■ TASK DETAILS
Check every line of the material for the word "white". Copy those that have it.

■ RECORDED INFORMATION
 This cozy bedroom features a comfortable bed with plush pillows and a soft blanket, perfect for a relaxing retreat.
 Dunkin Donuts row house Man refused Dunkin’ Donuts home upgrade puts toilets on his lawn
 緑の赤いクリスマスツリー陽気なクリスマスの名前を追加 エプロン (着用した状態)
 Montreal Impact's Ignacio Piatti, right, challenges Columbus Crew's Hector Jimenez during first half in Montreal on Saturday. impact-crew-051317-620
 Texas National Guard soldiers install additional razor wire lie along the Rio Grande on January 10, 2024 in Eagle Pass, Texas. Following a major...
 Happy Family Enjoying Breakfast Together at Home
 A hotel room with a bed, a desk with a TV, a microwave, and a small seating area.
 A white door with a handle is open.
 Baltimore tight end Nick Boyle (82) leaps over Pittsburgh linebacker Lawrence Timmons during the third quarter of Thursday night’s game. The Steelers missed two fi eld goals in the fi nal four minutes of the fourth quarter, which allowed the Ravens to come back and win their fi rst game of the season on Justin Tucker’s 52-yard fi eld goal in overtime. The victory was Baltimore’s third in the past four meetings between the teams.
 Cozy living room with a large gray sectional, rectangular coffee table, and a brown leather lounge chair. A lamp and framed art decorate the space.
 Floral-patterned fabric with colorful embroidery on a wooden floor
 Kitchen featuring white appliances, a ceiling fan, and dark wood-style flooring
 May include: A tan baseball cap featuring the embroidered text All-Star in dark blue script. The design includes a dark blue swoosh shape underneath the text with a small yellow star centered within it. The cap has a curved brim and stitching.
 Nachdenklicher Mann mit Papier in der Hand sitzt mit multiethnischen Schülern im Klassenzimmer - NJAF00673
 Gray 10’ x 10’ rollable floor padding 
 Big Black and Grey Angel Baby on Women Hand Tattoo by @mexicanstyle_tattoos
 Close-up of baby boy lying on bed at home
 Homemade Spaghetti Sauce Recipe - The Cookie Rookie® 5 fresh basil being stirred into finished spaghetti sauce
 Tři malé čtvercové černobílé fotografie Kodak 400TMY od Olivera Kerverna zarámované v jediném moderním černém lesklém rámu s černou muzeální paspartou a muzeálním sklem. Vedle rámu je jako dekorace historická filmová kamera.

■ RESPONSE
 A white door with a handle is open.
 Kitchen featuring white appliances, a ceiling fan, and dark wood-style flooring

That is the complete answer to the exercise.